14 Şubat 2012 Salı

BEN BU ŞUBAT TAN KORKMAYA BAŞLADIM ARKADAŞ..

Devletin bir birimi diğerine basına yansıdığı gibi ve o ölçüde karşı çıkıyorsa ortadaki durum nasıl anlatılır bilmiyorum..Bugün kürsülerde  hala statükocu devlet yapısını savunanlar bu ülkeyi nasıl dönüştürecekler...Askeriyede ve Emniyet teşkilatında hala bu dönüşümün Kürt Sorunu çözülmeden gerçekleşeyemecegini kabullenen bir zihnıyet ve kadro var...Buna karşılık hükümet onların baskısından kurtulmak ve olayları sivil bir kapsama taşımak için MİT'le işbirliği yapmaktaydı. Nitekim askerin elindeki dinleme aygıtlarının MİT'e kaydırılması önemli bir göstergeydi, başlı başına bir tercihti, tavırdı, tutumdu. son olayların odak noktasında yer alan KCK operasyonuna da ışık tutuyor. MİT'in KCK'yı kontrol ettiğinin çok açık olduğu bu aşamada Emniyet'in o örgüte dönük sürekli baskıları, baskınları, tutuklamaları MİT'le Kürt kesiminin, dolayısıyla o sorunu nihai olarak sonuçlandıracak sivil otoriteyle Kürtlerin arasını açacak mahiyettedir
Şimdi yargı marifetiyle varılan nokta arasındaki uçurum insanı hayretten donduruyor. Ama ne yapalım ki böyle. Türkiye'de o derin devlet ve onun iktidar oyunu içinde sürekli olarak değişen kompozisyonu böyle bir baltalamayı göze aldı. Bütün bu nedenlerden ötürü hâlâ devam eden ve bir "güç gösterisi" olan bu girişimi bir darbe girişimi olarak değerlendirememek ve bunun hükümete olduğu açıkça bir  gizli girişim yapıldığını görmemek büyük hata olur kanımca..
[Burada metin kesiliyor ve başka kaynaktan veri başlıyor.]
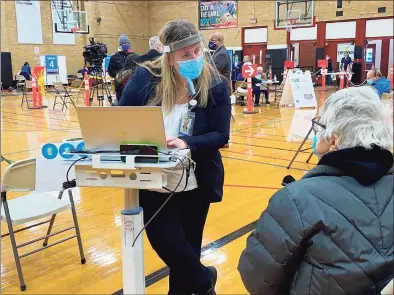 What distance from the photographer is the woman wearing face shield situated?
1.83 meters

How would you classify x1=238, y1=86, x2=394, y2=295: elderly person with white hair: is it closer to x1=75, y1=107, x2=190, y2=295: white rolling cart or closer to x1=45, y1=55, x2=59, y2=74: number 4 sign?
x1=75, y1=107, x2=190, y2=295: white rolling cart

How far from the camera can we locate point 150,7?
80.4 feet

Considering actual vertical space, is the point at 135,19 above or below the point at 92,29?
above

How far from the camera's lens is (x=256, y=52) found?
20.8 metres

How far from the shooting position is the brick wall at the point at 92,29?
19.0 metres

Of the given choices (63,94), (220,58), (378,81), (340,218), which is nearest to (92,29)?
(63,94)

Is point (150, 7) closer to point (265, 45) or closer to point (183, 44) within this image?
point (265, 45)

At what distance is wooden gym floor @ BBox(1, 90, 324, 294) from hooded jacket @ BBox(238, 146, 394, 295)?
140 cm

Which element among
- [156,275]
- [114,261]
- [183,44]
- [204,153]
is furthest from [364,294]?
[114,261]

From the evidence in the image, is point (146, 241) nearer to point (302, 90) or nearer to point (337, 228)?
point (337, 228)

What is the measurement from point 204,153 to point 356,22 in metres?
17.9

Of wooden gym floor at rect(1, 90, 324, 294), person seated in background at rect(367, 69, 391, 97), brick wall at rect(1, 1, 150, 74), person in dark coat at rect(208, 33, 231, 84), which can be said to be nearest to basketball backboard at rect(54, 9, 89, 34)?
brick wall at rect(1, 1, 150, 74)

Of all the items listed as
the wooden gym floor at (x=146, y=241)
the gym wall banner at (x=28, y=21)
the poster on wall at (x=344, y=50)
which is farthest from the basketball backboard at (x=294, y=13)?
the wooden gym floor at (x=146, y=241)

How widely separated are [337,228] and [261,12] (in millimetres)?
20231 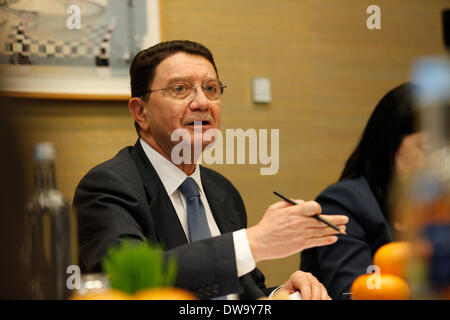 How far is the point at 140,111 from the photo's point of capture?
149 cm

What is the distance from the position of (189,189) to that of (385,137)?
616 mm

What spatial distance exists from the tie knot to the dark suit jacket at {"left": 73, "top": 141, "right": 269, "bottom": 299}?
0.07 m

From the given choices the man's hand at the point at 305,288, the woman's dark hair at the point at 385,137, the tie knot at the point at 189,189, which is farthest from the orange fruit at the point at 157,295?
the woman's dark hair at the point at 385,137

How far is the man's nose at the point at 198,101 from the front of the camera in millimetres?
1389

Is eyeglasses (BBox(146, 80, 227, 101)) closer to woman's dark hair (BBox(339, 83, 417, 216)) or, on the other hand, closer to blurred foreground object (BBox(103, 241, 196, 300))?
woman's dark hair (BBox(339, 83, 417, 216))

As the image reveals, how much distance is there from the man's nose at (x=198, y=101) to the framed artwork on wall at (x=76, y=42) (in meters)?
0.81

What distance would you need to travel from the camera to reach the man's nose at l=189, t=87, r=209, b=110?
54.7 inches

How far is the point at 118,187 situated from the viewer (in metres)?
1.16

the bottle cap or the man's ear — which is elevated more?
the man's ear

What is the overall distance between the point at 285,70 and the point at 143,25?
27.3 inches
.Bu şubat ayından korkmaya başladım ben ...28 şubat süecinin halk üzerinde ki tepkisi açıktı..ancak ülke demokrasisinden çok şey götürdüğü de aşikar.Umudum odur ki tüm bu olumsuzluklara rağmen ÜLKEMİZ DEMOKRASİ si bu parlementer dönüşümü başaracak HALK desteğine sahiptir.